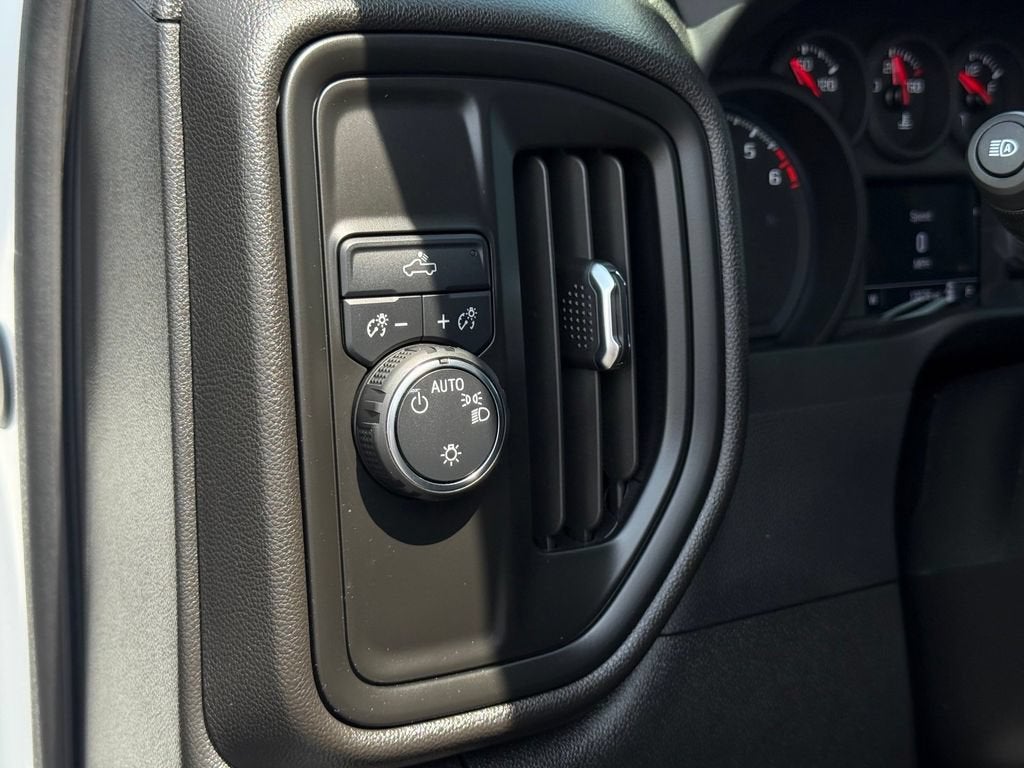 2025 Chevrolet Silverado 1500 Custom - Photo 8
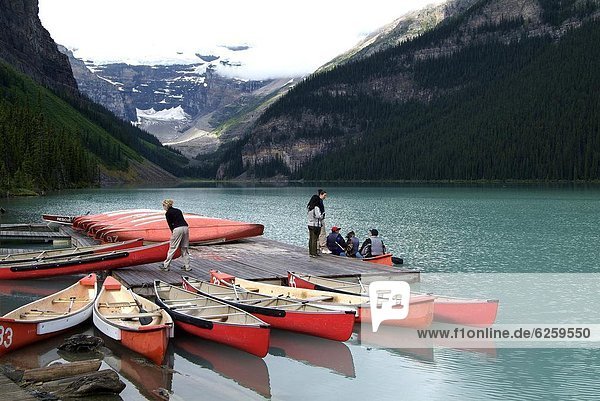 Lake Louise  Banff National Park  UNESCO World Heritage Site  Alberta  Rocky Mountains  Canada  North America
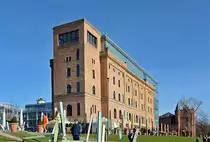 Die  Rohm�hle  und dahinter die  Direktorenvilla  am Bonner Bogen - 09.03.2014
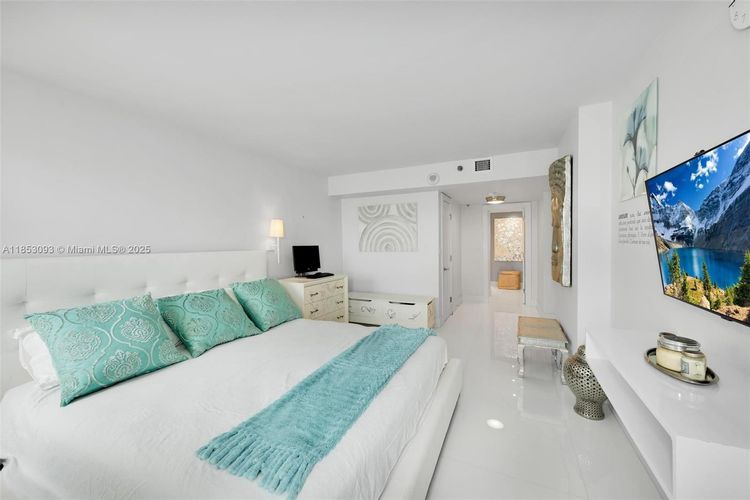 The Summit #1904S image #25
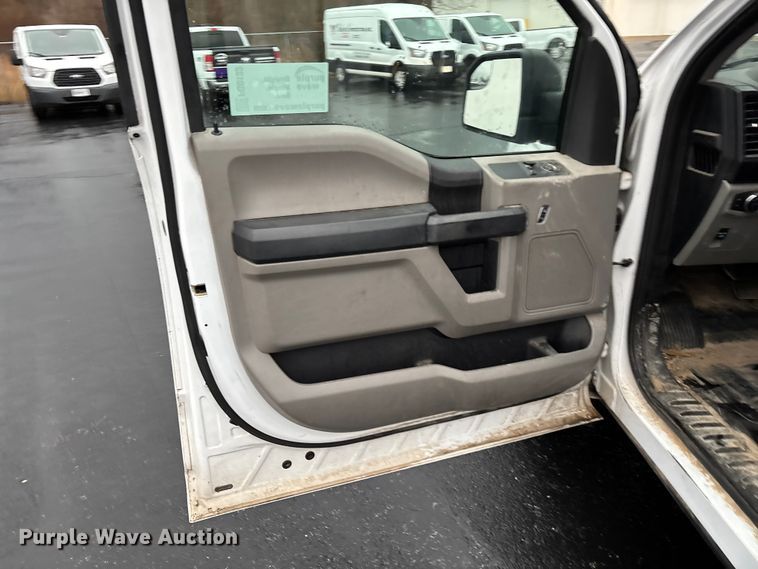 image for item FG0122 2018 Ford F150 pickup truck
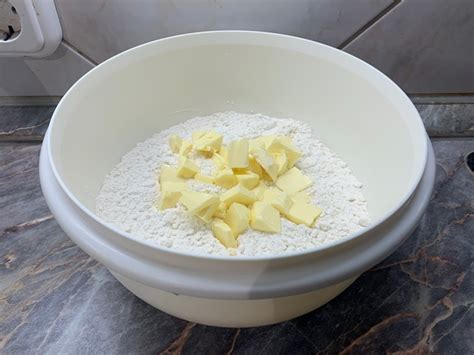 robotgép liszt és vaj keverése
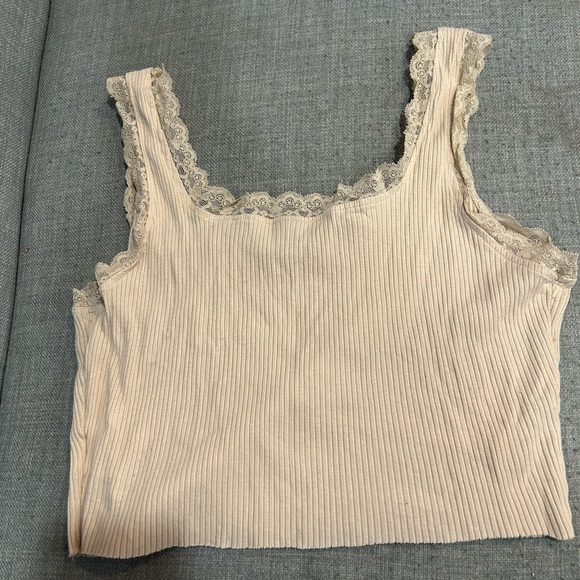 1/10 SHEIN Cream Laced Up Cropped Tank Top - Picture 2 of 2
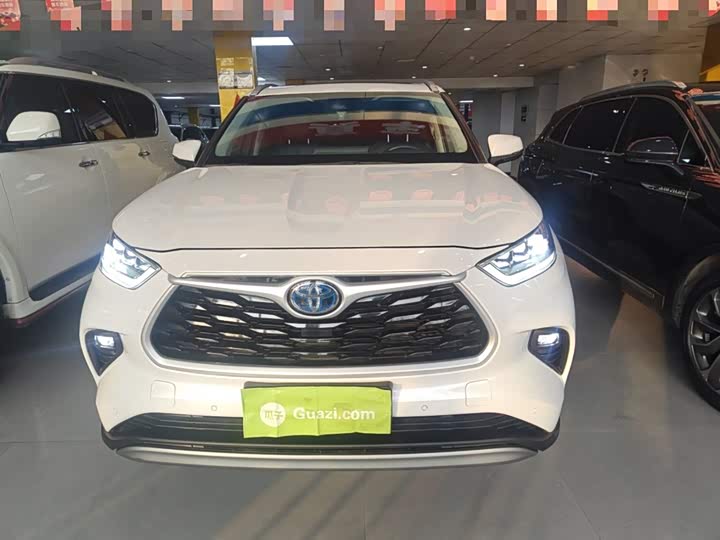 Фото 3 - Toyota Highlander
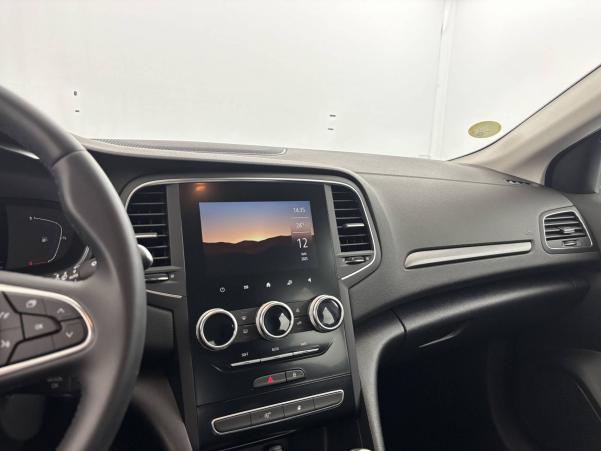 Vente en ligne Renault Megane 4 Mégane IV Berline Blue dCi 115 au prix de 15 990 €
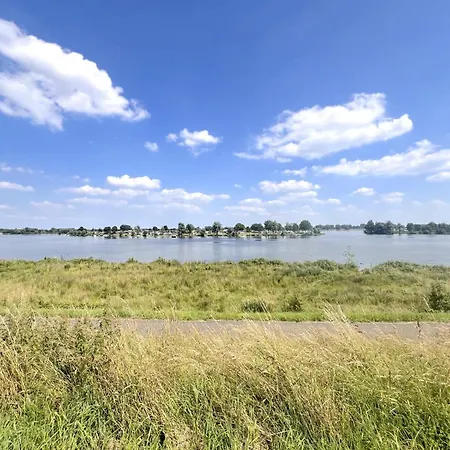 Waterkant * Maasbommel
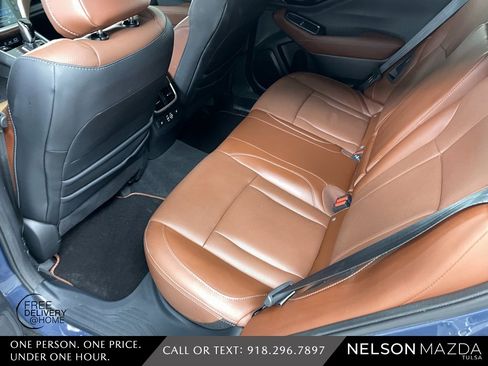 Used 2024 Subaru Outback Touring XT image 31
--
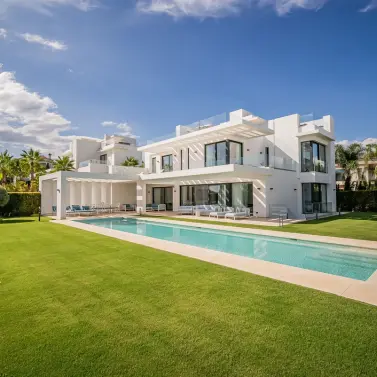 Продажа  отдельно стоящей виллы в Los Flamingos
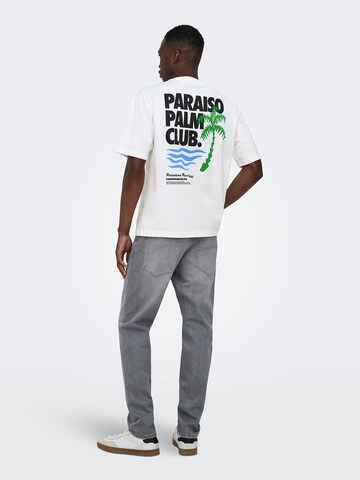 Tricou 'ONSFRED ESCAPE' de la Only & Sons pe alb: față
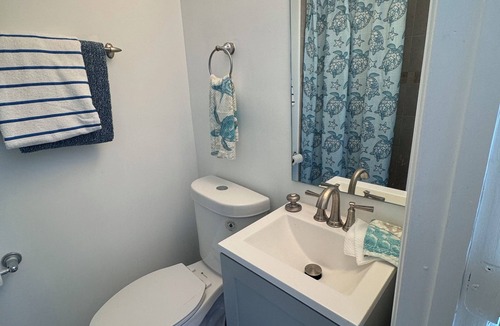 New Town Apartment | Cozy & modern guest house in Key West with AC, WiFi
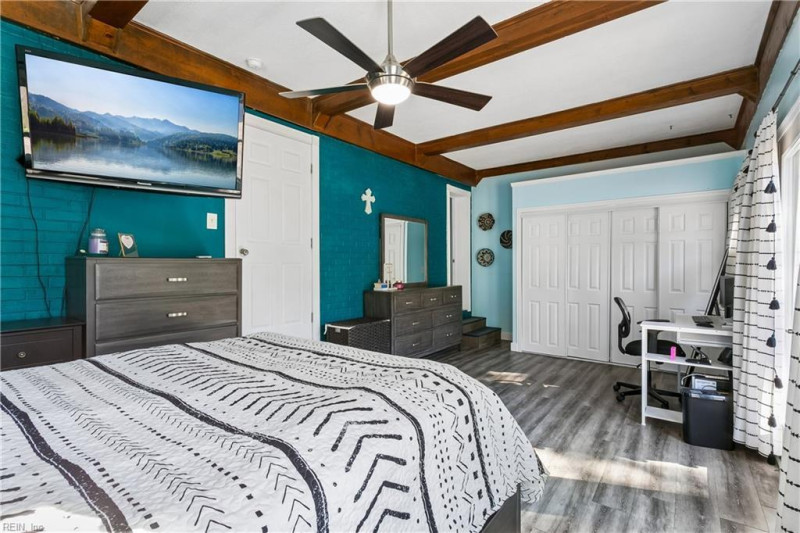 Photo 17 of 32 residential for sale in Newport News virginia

Required work:
Repeat only the stretch of data above that runs from the line with "Banff National Park" to the line with "Used 2024 Subaru Outback Touring XT image 31". Keep both end lines; exclude pictures.

Your response:
 Lake Louise  Banff National Park  UNESCO World Heritage Site  Alberta  Rocky Mountains  Canada  North America
 Die  Rohm�hle  und dahinter die  Direktorenvilla  am Bonner Bogen - 09.03.2014
 The Summit #1904S image #25
 image for item FG0122 2018 Ford F150 pickup truck
 robotgép liszt és vaj keverése
 1/10 SHEIN Cream Laced Up Cropped Tank Top - Picture 2 of 2
 Фото 3 - Toyota Highlander
 Vente en ligne Renault Megane 4 Mégane IV Berline Blue dCi 115 au prix de 15 990 €
 Waterkant * Maasbommel
 Used 2024 Subaru Outback Touring XT image 31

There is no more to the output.